INFORMATION SHOWN —
========

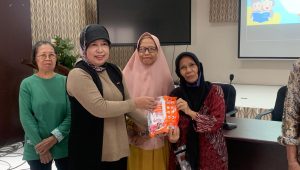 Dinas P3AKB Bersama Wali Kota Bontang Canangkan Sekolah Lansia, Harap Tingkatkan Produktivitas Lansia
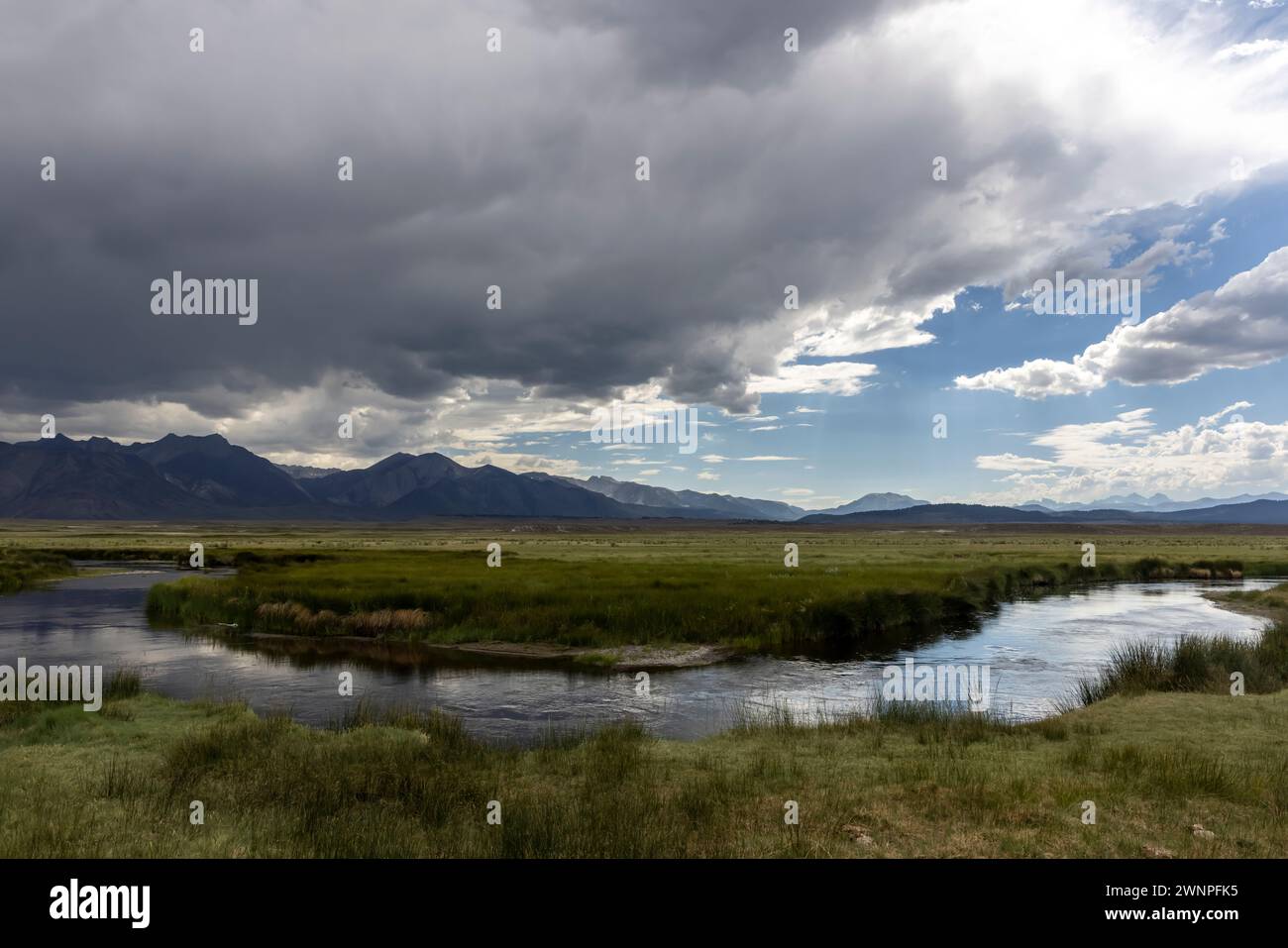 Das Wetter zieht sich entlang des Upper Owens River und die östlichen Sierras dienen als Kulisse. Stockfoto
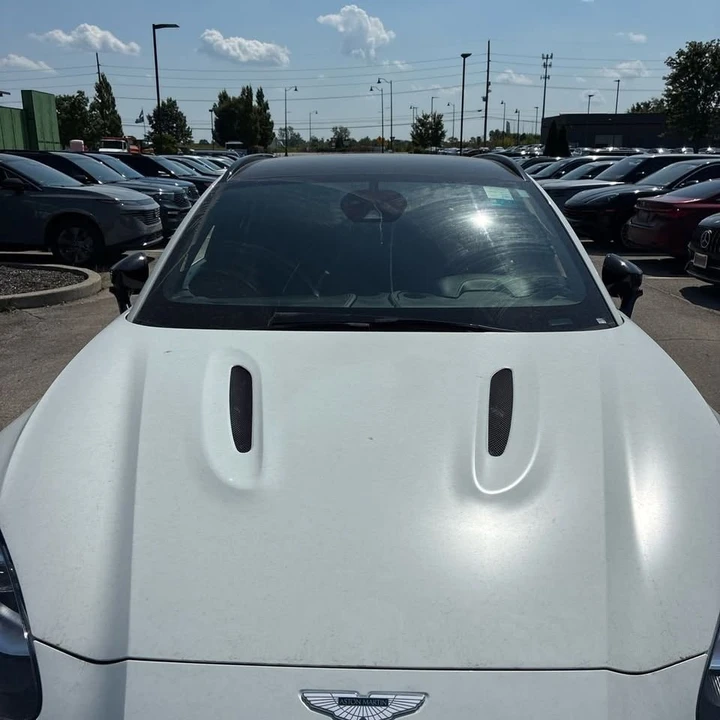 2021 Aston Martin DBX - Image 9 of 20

========

WORK REQUEST — When repeating the material above, keep every line exact and drop all pictures.

OUTPUT OF THE EXERCISE —
 Dinas P3AKB Bersama Wali Kota Bontang Canangkan Sekolah Lansia, Harap Tingkatkan Produktivitas Lansia
 Das Wetter zieht sich entlang des Upper Owens River und die östlichen Sierras dienen als Kulisse. Stockfoto
 2021 Aston Martin DBX - Image 9 of 20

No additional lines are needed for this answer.